My husband relished the fun of reminding me that right after our wedding he was going to “let himself go.” He would jokingly say that once he “had me” he didn’t need to try any longer. Of course, I threatened to do the same if he ever made good on his promise but without the slightest intention of loosening up on my personal grooming, fitness level, and standards of dress.
But quite recently, I’ve noticed that the sweatpants and baggy T-shirts have started creeping into my daily routine a bit too often. A serious trip to the mirror left me shocked to realize that nearly a year had gone by without a single visit to the hair salon! My roots had grown in and the split ends were everywhere. How could I have let this happen? On top of all that, I had added a few extra pounds–It was only five–but I know how it works, five pounds today is fifty pounds tomorrow!
In fairness to myself, I have a demanding work schedule to partially blame for my lapse in appearance, but still, my neighbor with two small children manages to keep herself together. She puts me to shame as I see her during her morning jog.
On the other hand, everyone knows that girl–no sooner is the ring on her finger when she goes from fascinating to frumpy seemingly overnight!
Men are no less guilty. How about all those high school and college guys who traded in their six-packs for beach balls after saying, “I do”? Sometimes, both husband and wife get on the frumpy train together and the only response is, “Oh dear, what happened to them?” Of course, there are those individuals or couples who were already on the frumpy train long before the wedding and don’t seem to care. (You know who you are!)
So just how important to marital bliss is this topic anyway? Does it really matter if our standards of health, fitness, and appearance are not quite what they used to be? First of all, I know how a busy life and a packed schedule can reorganize priorities and make it very difficult to keep ourselves looking our best. But as I began to examine my own situation, I was reminded that a relationship is multifaceted. Each part of what makes us who we (intellect, personality, appearance, etc.) deserves some portion of our attention and shouldn’t be tossed by the wayside because life gets crazy.

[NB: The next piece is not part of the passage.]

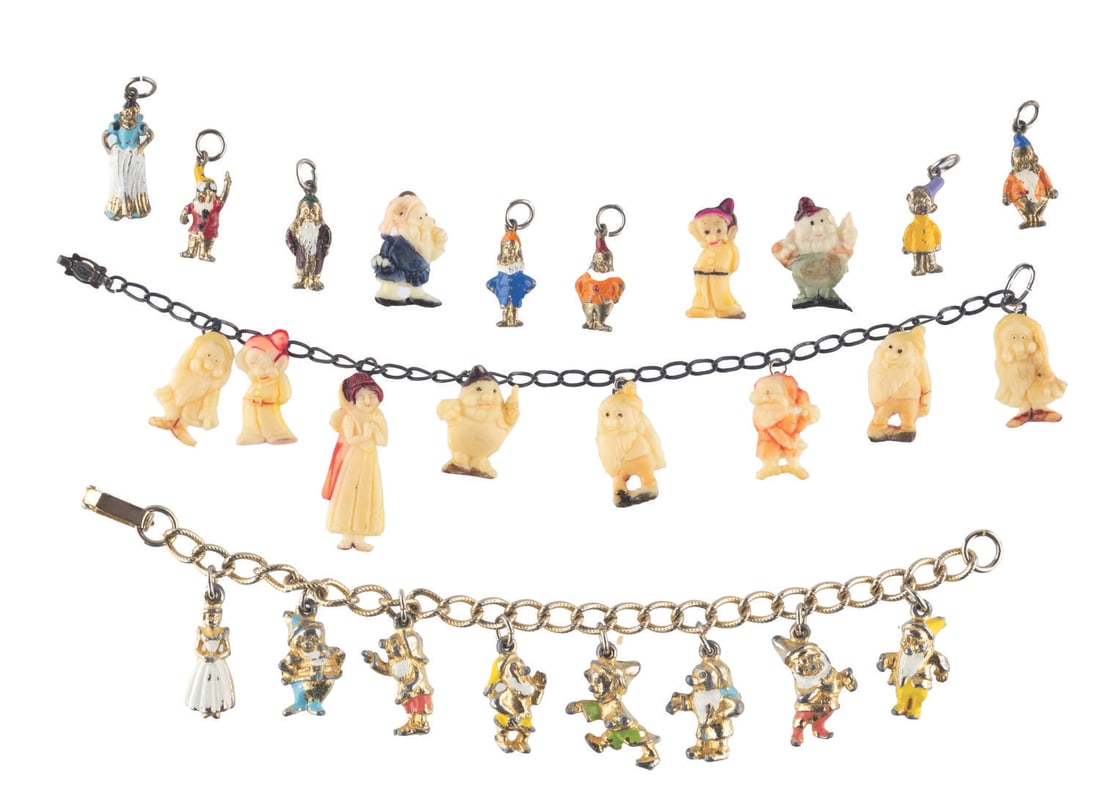 "Snow White and the Seven Dwarfs" Braclets and Charms.: (Disney, 1940s-60s) A collection of two "Snow White and the Seven Dwarfs" metal charm bracelets, each with eight charms (one set made of celluloid, and one of metal) and ten separate charms without a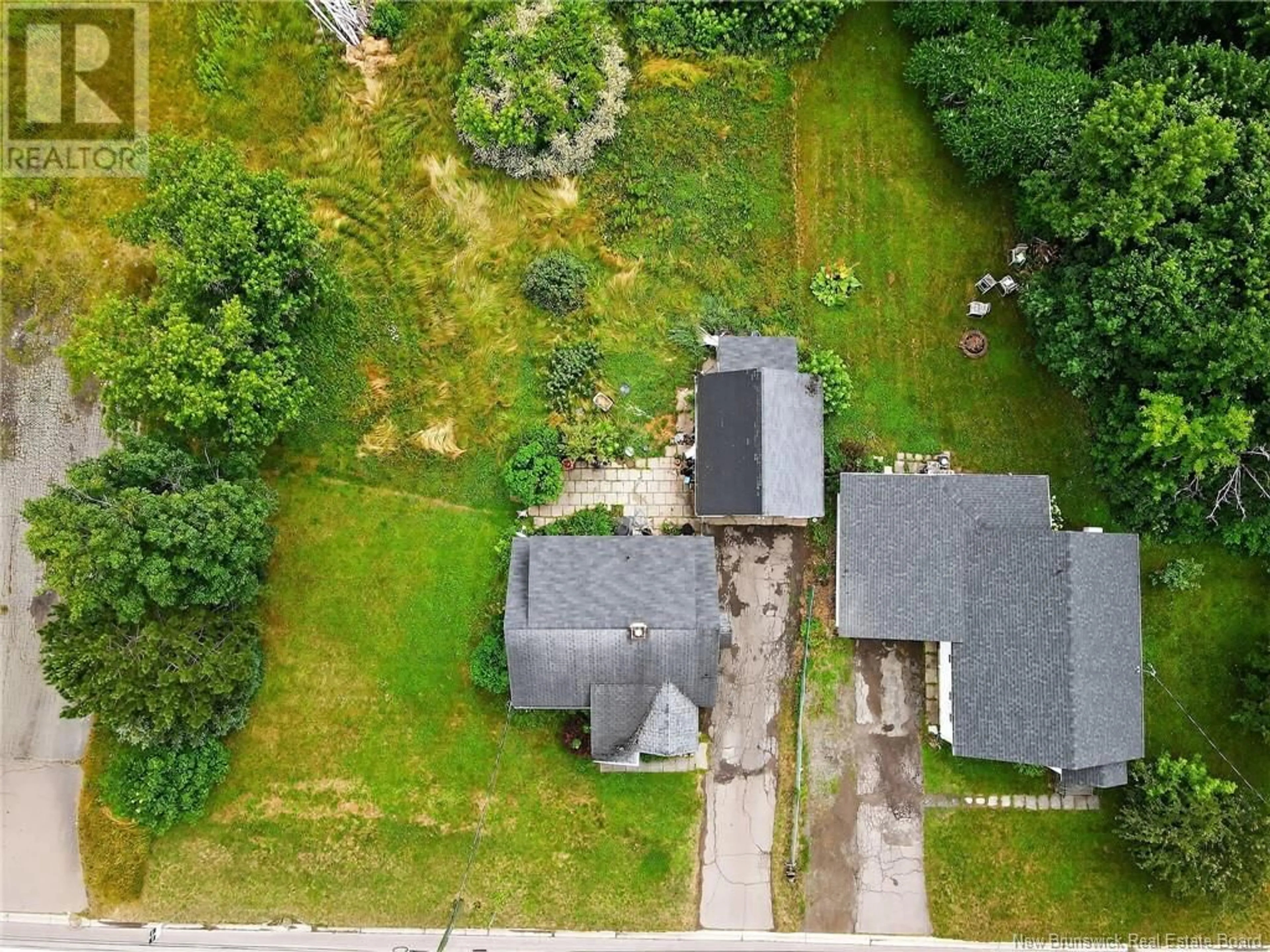 A pic from outside/outdoor area/front of a property/back of a property/a pic from drone, street for 300 SALISBURY ROAD, Moncton New Brunswick E1E1A7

We know that inner beauty is more important than outward, but let’s not let ourselves off the hook too quickly. Our outward appearance can send a strong message to our spouse and those around us. It says, “I respect myself.” If a healthy, clean, up-to-date appearance is important to your husband or wife, a little effort on your part says, “I care about you!” A spouse may very well take it personally when we start to let ourselves go. They may see it as a kind of disrespect or they may feel taken for granted.
Most of us probably went to great lengths to look our best in those early weeks, months, or years of our relationship. Why? We cared what the other person thought about us. We wanted to do justice to the admiration being bestowed on us.
If you are like me, and you’ve been neglecting yourself just a bit, there are some steps you can take. Start gradually. Don’t try to fix everything at once or you just might get overwhelmed. Start small with basic gestures that used to come naturally back when wooing your man or woman was a high priority. Little changes will go a long way with your spouse and you’ll begin to realize the rewards. Gentlemen, pick up that cologne bottle, the one sitting on the counter collecting dust for the last five years (it’s still there!), and spray yourself before sitting down to dinner. Ladies, toss out the “painting” shirt you’re so fond of sleeping in and replace it with that cute set of matching lingerie you bought three anniversaries ago. Spend a few extra minutes on your makeup and hair in preparation for a quiet evening alone together, even if it is just a Netflix night.
Starting with small steps will add a little freshness and sparkle to those ordinary days of married life in order to revive a bit of romance.